Quanto aos tipos de casas encontradas, 58,7 % são de alvenaria, sendo que destas, 21,3 % dos proprietários ainda não conseguiram recursos para rebocar suas paredes; 5,0 % das casas são mistas, 6,3 % são de madeira e 30,0 % da população residem em barracos.
Esses barracos são pequenas casas de madeira, velhas, a maior parte delas sem forro, de chão batido ou de cimento, com problemas de abertura, de telhado e de conservação.
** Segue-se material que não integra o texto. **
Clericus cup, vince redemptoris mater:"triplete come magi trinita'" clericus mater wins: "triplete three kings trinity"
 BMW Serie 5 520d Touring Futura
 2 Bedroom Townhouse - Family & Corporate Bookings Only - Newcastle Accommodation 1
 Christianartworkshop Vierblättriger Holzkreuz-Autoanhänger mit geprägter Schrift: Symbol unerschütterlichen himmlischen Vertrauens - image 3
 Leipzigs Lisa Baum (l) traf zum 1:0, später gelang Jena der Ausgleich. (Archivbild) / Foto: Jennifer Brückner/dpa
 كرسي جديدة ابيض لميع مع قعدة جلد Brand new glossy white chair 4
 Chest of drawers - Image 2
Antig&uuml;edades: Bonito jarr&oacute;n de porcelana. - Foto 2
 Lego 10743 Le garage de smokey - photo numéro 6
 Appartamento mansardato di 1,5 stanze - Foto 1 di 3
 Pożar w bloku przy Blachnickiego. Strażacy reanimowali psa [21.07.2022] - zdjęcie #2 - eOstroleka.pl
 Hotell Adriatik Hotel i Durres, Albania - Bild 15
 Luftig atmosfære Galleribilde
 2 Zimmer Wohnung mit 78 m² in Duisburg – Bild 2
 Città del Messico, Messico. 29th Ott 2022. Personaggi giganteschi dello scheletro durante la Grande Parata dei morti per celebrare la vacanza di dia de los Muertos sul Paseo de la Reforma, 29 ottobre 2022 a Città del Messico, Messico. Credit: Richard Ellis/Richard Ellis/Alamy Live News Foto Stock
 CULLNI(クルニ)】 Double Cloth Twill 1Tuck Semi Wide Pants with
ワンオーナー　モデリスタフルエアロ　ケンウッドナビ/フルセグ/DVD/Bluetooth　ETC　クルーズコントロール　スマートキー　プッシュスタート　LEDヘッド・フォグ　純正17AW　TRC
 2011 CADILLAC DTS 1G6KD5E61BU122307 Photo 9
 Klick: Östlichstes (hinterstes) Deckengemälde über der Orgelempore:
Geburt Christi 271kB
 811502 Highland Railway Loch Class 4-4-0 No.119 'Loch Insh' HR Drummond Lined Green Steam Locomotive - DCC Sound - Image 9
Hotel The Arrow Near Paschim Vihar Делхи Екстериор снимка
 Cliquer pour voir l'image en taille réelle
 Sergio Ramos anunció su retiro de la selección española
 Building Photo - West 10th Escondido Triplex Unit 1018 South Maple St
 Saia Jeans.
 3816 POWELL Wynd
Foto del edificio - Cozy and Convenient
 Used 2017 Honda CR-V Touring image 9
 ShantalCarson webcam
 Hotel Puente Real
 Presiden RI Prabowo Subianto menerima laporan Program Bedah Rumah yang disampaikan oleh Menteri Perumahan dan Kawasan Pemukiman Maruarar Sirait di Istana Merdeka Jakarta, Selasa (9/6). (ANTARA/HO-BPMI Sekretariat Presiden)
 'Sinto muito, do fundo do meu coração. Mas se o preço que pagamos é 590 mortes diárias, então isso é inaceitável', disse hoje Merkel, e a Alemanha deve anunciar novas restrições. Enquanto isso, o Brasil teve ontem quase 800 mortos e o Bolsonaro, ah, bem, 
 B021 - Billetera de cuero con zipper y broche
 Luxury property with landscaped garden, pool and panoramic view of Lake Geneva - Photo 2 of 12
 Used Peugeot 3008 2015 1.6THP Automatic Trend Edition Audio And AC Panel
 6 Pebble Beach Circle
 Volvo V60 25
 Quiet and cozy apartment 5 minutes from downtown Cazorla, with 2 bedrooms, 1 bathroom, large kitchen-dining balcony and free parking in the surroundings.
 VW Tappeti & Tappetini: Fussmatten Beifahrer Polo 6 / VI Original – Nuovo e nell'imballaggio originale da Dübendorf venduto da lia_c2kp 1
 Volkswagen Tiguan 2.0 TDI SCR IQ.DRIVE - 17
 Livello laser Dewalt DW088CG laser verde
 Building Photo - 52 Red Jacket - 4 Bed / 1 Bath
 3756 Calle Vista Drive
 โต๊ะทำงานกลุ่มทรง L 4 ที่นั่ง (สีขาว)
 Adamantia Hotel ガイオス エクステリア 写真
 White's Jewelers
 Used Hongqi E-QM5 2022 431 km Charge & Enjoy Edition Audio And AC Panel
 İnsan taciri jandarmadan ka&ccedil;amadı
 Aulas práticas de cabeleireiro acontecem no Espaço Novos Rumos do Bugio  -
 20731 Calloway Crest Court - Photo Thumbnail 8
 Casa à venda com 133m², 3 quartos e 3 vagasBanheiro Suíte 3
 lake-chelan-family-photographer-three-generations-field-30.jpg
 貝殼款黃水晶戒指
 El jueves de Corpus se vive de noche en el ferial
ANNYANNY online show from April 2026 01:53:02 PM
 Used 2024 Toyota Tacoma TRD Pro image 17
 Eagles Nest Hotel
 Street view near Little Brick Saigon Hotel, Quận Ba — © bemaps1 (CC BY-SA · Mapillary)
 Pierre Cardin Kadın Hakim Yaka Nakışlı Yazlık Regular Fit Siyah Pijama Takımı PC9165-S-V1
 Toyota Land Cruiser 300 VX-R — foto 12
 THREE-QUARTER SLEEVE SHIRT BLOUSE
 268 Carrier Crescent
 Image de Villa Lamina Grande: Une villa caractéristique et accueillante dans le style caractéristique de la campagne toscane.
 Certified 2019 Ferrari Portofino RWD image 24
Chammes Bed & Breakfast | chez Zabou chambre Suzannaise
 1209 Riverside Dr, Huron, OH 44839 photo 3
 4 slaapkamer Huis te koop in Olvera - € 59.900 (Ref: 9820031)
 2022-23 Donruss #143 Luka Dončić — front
A relação número de pessoas/número de peças da casa é satisfatória para 43,7 % dos casos, sendo que para os outros 56,3 % entrevistados, o tamanho da casa não é adequado às suas famílias.
(...)
No tocante às facilidades higiênico-sanitárias, ressalta-se que 52,0 % da população possuem água encanada, tendo como fonte os poços artesianos coletivos no bairro (32,0 %), ou então, ligada à rede de água do frigorífico Rio-Pel (20,0 %), localizado bem próximo ao bairro.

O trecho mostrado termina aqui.